JDK-8197518 : Kerberos krb5 authentication: AuthList's put method leads to performance issue
  • Type: Bug
  • Component: security-libs
  • Sub-Component: org.ietf.jgss
  • Affected Version: 8u74
  • Priority: P3
  • Status: Resolved
  • Resolution: Fixed
  • Submitted: 2018-02-09
  • Updated: 2020-02-26
  • Resolved: 2018-02-26
The Version table provides details related to the release that this issue/RFE will be addressed.

Unresolved : Release in which this issue/RFE will be addressed.
Resolved: Release in which this issue/RFE has been resolved.
Fixed : Release in which this issue/RFE has been fixed. The release containing this fix may be available for download as an Early Access Release or a General Availability Release.

To download the current JDK release, click here.
JDK 11 JDK 8 Other
11 b03Fixed 8u172Fixed openjdk7uFixed
Description
For the same pair of client & server principal, invocation of
acceptSecContext() at a high rate leads to serious performance problem.
The main problem is with the clean-up right after adding the authentication
timestamp in the LinkedList<AuthTimeWithHash>. See the AuthList put method
which is invoked from sun.security.krb5.internal.rcache.MemoryCache
synchronized void checkAndStore(KerberosTime currTime, AuthTimeWithHash time)
method.  Removing last entry from a LinkedList one by one in a synchronized
block is not good for performance.

From JFR Hot Methods:
#233 daemon prio=5 os_prio=0 tid=0x0000000000c26000 nid=0x956 runnable
[0x00007f6c75d0f000]
  java.lang.Thread.State: RUNNABLE
at java.util.LinkedList.indexOf(LinkedList.java:604)
at sun.security.krb5.internal.rcache.AuthList.put(AuthList.java:116)
at
sun.security.krb5.internal.rcache.MemoryCache.checkAndStore(MemoryCache.java:7
1)
- locked <0x00000000b09603f0> (a
sun.security.krb5.internal.rcache.MemoryCache)
at sun.security.krb5.KrbApReq.authenticate(KrbApReq.java:323)
at sun.security.krb5.KrbApReq.<init>(KrbApReq.java:149)
at
sun.security.jgss.krb5.InitSecContextToken.<init>(InitSecContextToken.java:108
)

What we see at the server side when the same client principal sends high rate
requests in multiple threads is as below:

#229 daemon prio=5 os_prio=0 tid=0x000000000136b000 nid=0x952 runnable
[0x00007f6c765b3000]
  java.lang.Thread.State: RUNNABLE
       at
sun.security.krb5.internal.rcache.MemoryCache.checkAndStore(MemoryCache.java:7
1)
       - locked <0x00000000b09ab380> (a
sun.security.krb5.internal.rcache.MemoryCache)
       at sun.security.krb5.KrbApReq.authenticate(KrbApReq.java:323)

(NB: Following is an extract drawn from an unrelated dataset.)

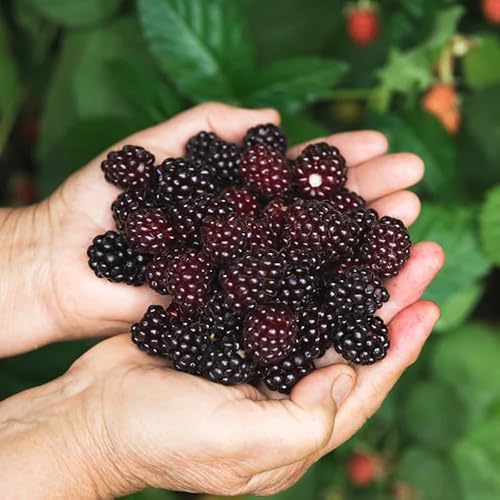 Sweetie Pie BlackBerry Live Plant (5-9" Tall) – Sweetest Thornless Berry Bush – Zones 7-9 – Heat Tolerant Rubus Starter for Patio Containers or Gardens – Disease Resistant & High Sugar Fruit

#231 daemon prio=5 os_prio=0 tid=0x0000000000c24000 nid=0x954 waiting for
monitor entry [0x00007f6c7456b000]
  java.lang.Thread.State: BLOCKED (on object monitor)
       at
sun.security.krb5.internal.rcache.MemoryCache.checkAndStore(MemoryCache.java:5
6)
       - waiting to lock <0x00000000b09ab380> (a
sun.security.krb5.internal.rcache.MemoryCache)
       at sun.security.krb5.KrbApReq.authenticate(KrbApReq.java:323)


Instead of LinkedList, a better suited Collection should be used, therefore a
specific implementation for this purpose might be needed.

If the service is not kerberised, normally the server can respond pretty fast
around 1 ms. 
Comments
I studied list.subList().clear() on a LinkedList and it still has to go through the node one by one. I tried JMH and it's 8% slower than my proposed removeLast-until-this approach.
22-02-2018

your current webrev looks good. I think it'll address the issue at hand. Would the subList method be a better approach for deleting the tail end of your List ? https://docs.oracle.com/javase/8/docs/api/java/util/List.html#subList-int-int- We know what index to start deleting from since you could use a simple int counter for every iteration of the "while (it.hasNext()) {" loop.
21-02-2018

[~coffeys] In fact, I've prepared a webrev that almost does exactly you described at http://cr.openjdk.java.net/~weijun/8197518/webrev.00/. Then I learnt about ConcurrentSkipListSet and wondered if it can be better.
16-02-2018

problem code : // let us cleanup while we are here long timeLimit = currentTime.getSeconds() - lifespan; ListIterator<AuthTimeWithHash> it = entries.listIterator(0); AuthTimeWithHash temp = null; int index = -1; while (it.hasNext()) { // search expired timestamps. temp = it.next(); if (temp.ctime < timeLimit) { index = entries.indexOf(temp); break; } } Stacktrace suggests that the threads are locked up due to LinkedList.indexOf call. I'm wondering if this call is necessary at all. Maybe we could use a simple counter in the while loop is keep record of where we are in the list. Also - not sure if performing a cleanup is necessary for every put call. Perhaps we could implement a time delay (e.g. clean up only if x seconds have elapsed since last put call? )
16-02-2018

I'll see if ConcurrentSkipListSet() can be used.
11-02-2018